Log interpretation techniques have progressed from the linear solutions of simple equations in the 1940s to today's mathematical inversions and neural networks. At the early stage, interpretation was a sequential process accomplished with charts and monograms, which became increasingly complicated as a wider range of measurements became available and as the effects of environmental and well conditions were recognized. Log interpretation is now open to many options and iterations.
In the late 1970s, the idea of treating log interpretation as a problem of mathematical inversion was introduced. Each measurement was associated to a response equation that could be expressed as a set of unknown formation volumes to be solved. In the 1980s, inversion methods were further developed and different and models were run simultaneously to allow for selection of the best model. Whatever method is selected, the main tasks of well log interpretation algorithms have remained the same—to translate the acquired measurements from the sensors to quantities of petrophysical interest.

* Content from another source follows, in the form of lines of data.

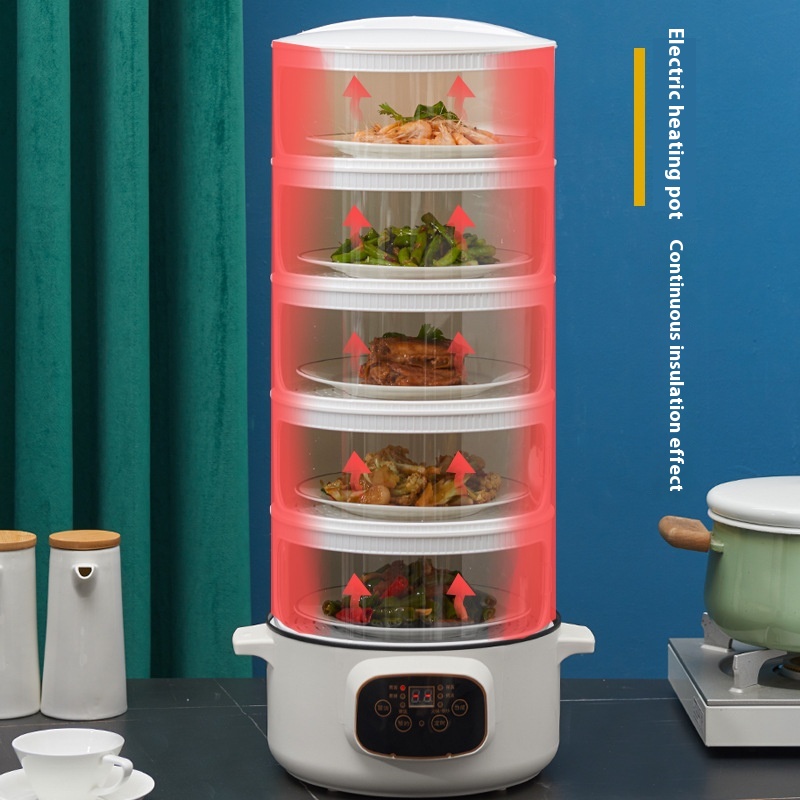 Ulated Vegetable Cover Electric Heating Household Multi-layer Sliding Door Dust And Fly Proof Food Table Cover Leftovers Artifact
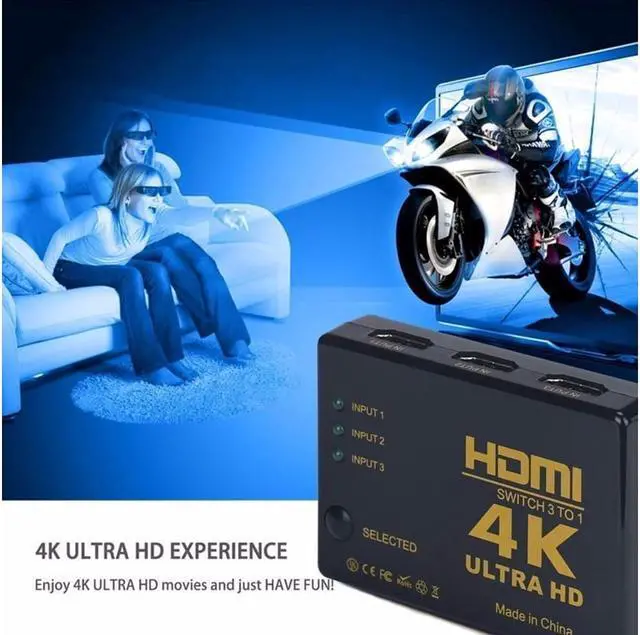 Alt view image 4 of 7 - HDMI Audio/Video Splitter Switcher 3 input to 1 output Port Hub with IR Remote Controller for DVD HDTV Xbox PS3 PS5 Switch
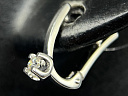 На фото Золотые серьги с янтарем в Казахстане №серьги из белого золота с бриллиантом вес 2.24 г:     .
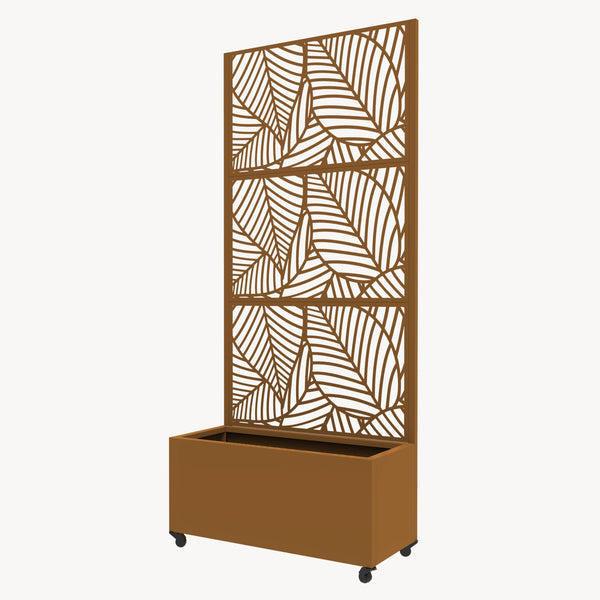 Tabique Surnskoki con jardinera acero 190x82x38cm - [casa.pro]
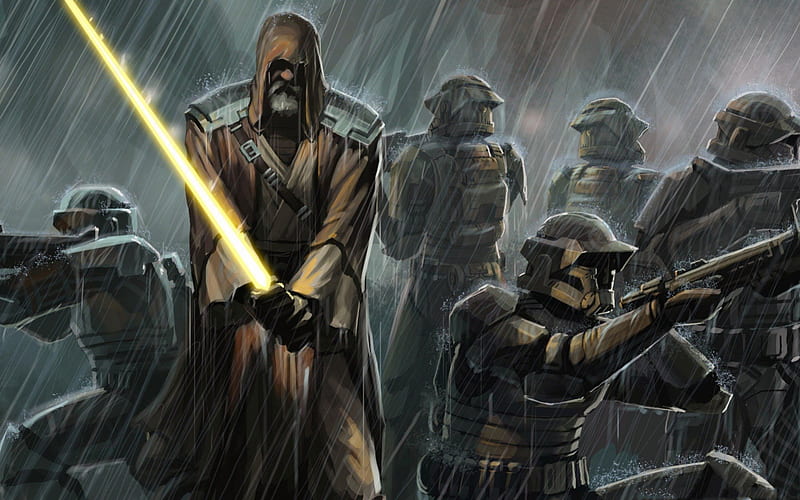 Jedi Commander, games, fantasy, jedi, star wars, clone troopers, HD wallpaper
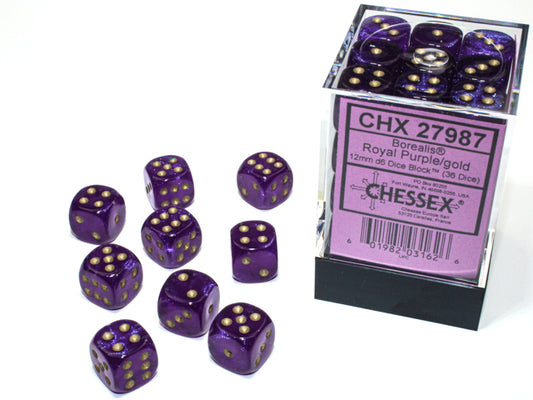 Borealis Royal Purple/Gold Luminary 12Mm D6 Dice Block (36 Dice)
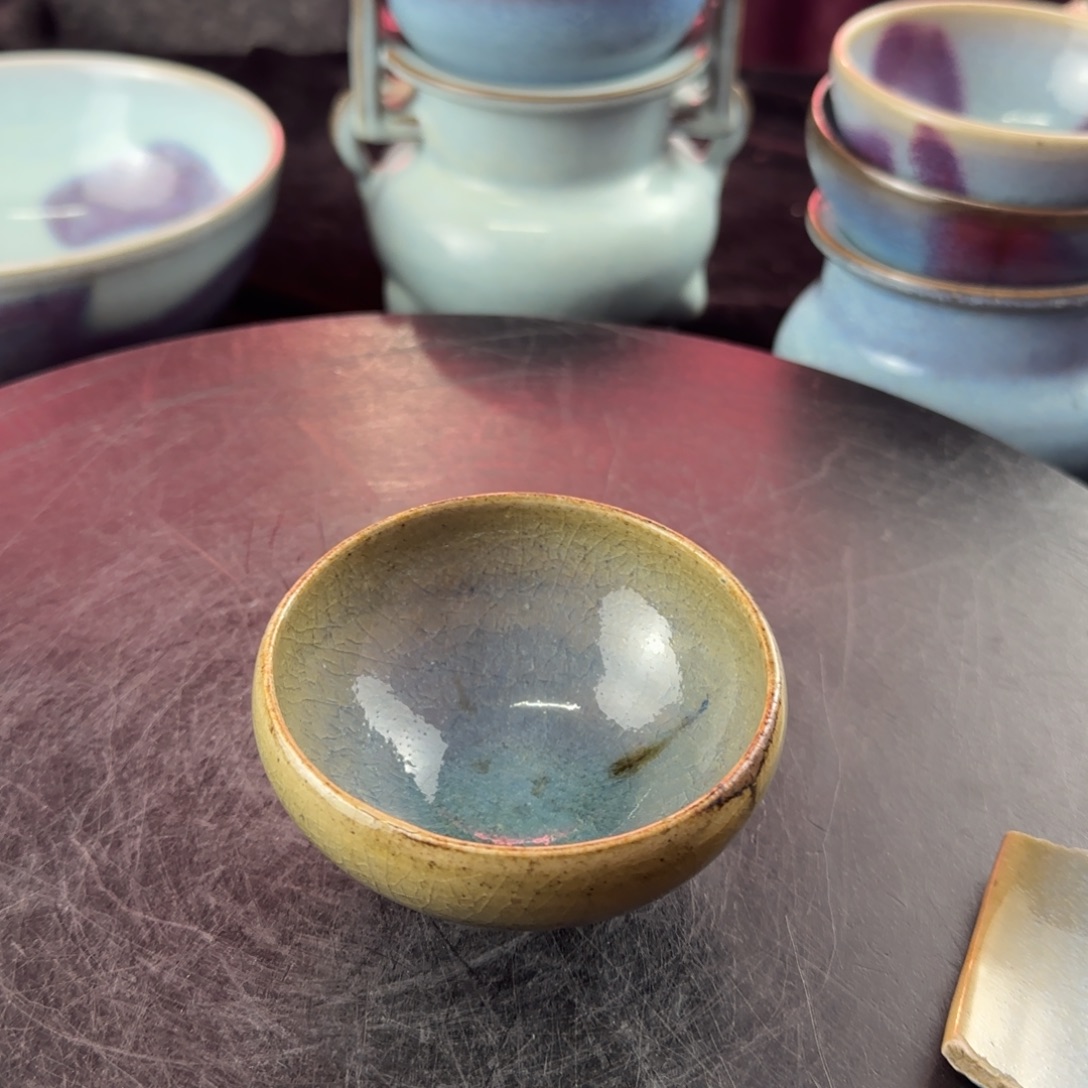 那***开瓷片禹州窑茶碗全品无瑕疵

Parameter selection has always been a key subject in log interpretation. Interpretation algorithms often focus on a single type of sensor and generally depend on more parameters than are measured by the sensors for which they were designed. Values for the additional parameters are input by the engineers or log analysis who run or play back the log. Due to a lack of knowledge, insufficient time at the wellsite, or other factors, incorrect input parameters can be entered into the interpretation algorithms. Log quality and interpretation can suffer as a result. Historically, input parameters used in interpretation algorithms have been determined by explicit values entered by the user, measurements provided by a specific tool, or by a user-set switch which selects between these options. An example is the borehole diameter, which can be used to correct neutron porosity logs.
The borehole diameter (also known as “borehole caliper”) can be drawn from several sources. The source used to process the log is typically selected by the user from an itemized list One component of that list is the bit size. The bit size is a number that is typically entered by the user or obtained by a direct measurement of the borehole as a function of depth. A technique for automatic determination of the borehole caliper is described in U.S. Pat. No. 6,725,162. Other automated interpretation techniques have been proposed to provide estimations of downhole characteristics in an effort to improve log interpretation. U.S. Pat. No. 4,403,290 describes a log interpretation technique that evaluates the reliability of the logging computations. U.S. Pat. No. 6,571,619 describes a technique whereby measurements from multiple sensors are combined and processed to obtain petrophysical quantities. The use of artificial neutral networks has also been implemented to convert logs into desired quantities. The networks are trained on wells where results are already known, and once trained, they are applied to other wells in which the same model applies.
In practice, the quality of subsurface logging results depends on what is gleaned from the raw log measurement data. A need remains for improved techniques to minimize the problem of parameter selection.